La manifattura dei coltelli in Sardegna assume caratteri tipici e tradizionali durante l’ottocento, secolo in cui si codificano i modelli e si delineano le soluzioni tecniche locali che porteranno a contraddistinguere il coltello sardo nel panorama nazionale.
Con il termine leppa si indicava inizialmente il coltello a lama fissa che veniva portato dagli uomini alla cintura, leppa de chintu. Nel tempo tale denominazione ha variato significato, giungendo ad indicare il coltello sardo in senso ampio, diffusamente identificato nel modello a serramanico, sa resolza.
L’utilizzo del coltello, prettamente maschile, era quello di arnese da taglio e da punta plurifunzionale, da portare sempre in tasca ed indispensabile per tutte le attività di lavoro nei campi e con gli animali.
Per il pastore il coltello rappresentava un prolungamento della sua mano da utilizzare in tutte le numerose occasioni in cui servisse tagliare, abradere, scorticare, infilzare e via dicendo. Il pastore, non di rado, impegnava le ore passate al pascolo utilizzando il suo coltello per intagliare nel legno e nel sughero piccoli utensili e altri manufatti d’uso quotidiano o simbolico, legati alle tradizioni religiose e alle attività femminile come la tessitura e la panificazione. Il coltello a serramanico era inoltre la posata unica e rappresentava l’arma di difesa personale in eventualità di pericolo.

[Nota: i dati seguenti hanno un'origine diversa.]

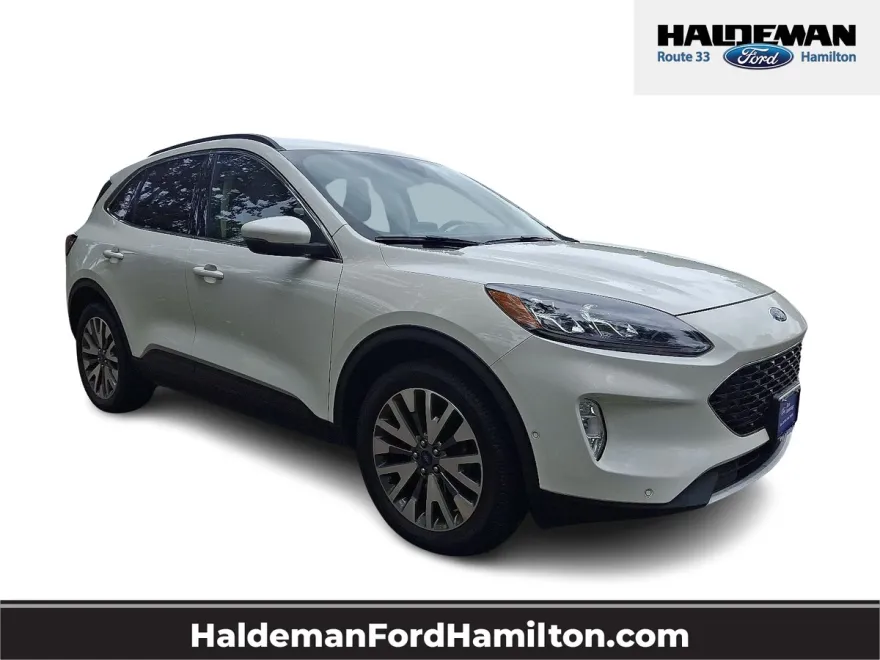 2020 Ford Escape Titanium photo 1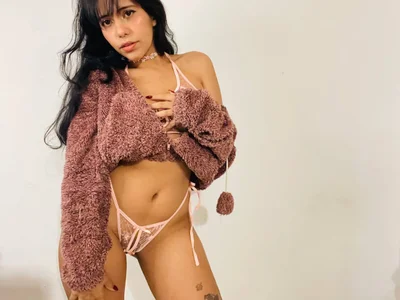 AllisonCatUwU Pinky Bear Foto 3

Per il contadino, dotato di una varia strumentazione da taglio specifica per le diverse attività nei campi, possedere il coltello a serramanico assumeva ulteriori significati simbolici, oltre a rappresentare una risorsa pratica e agile, così come per il pastore.
I modelli
Il modello più antico, detto a foggia antica, si distingue per la lama larga, a foglia di alloro, con un solo filo. Questa forma di lama si assoccia generalmente al modello arburese caratterizzato dal manico monoblocco, ottenuto dalla lavorazione di un unico pezzo di corno e guarnito alle due estremità con anelli in ottone cesellato.

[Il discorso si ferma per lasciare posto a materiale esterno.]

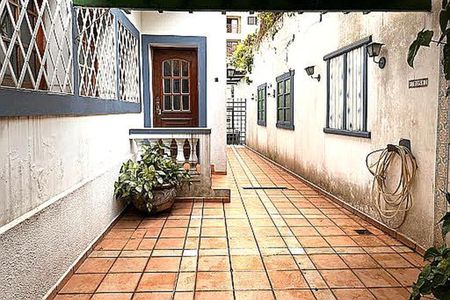 Casa à venda com 367m², 4 quartos e 3 vagas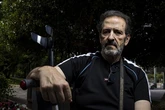 La falta de Presupuestos ahoga a los mayores de 52 años en paro: "Estoy viviendo de acogida porque es la única forma de salir adelante"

Il modello di Pattada , sa resolza pattadesa, tipologia con maggiore diffusione nel territorio isolano e che più frequentemente s’identifica con il coltello sardo in generale, presenta una lama sottile ed appuntita, a foglia di mirto, che lo rende particolarmente maneggevole ed adatto come strumento sia da taglio che da punta. A contraddistinguere questa tipologia è la sofisticata struttura del serramanico, tipica della produzione provieniente dal paese di Pattada. Il manico è costituito da più elementi: due guancette in corno fissate con ribattini in ottone su di un arco centrale in acciaio. La grande diffusione della resolza pattadesa deriva anche alla dalla cospicua attività dei venditori ambulanti, pratica estesa nel territorio isolano fino alla seconda metà del secolo scorso.
Il modello di Dorgali, sa resolza durgalese, è molto simile al modello pattadese ma si distingue per la forma maggiormente allungata e affusolata. Anche, il coltello di Santu Lussurgiu, sa resolza Lussurgese, presenta la struttura simile al pattadese pur rappresentando per tradizione un modello distintivo.
Altro modello, più recente che risale agli inizi del secolo scorso, è denominato sa guspinesa. Presenta la lama rettangolare, priva di punta, con forma a spatola. Il manico è monoblocco, senza curvatura, guarnito generalmente con due anelli in ottone sulle estremità.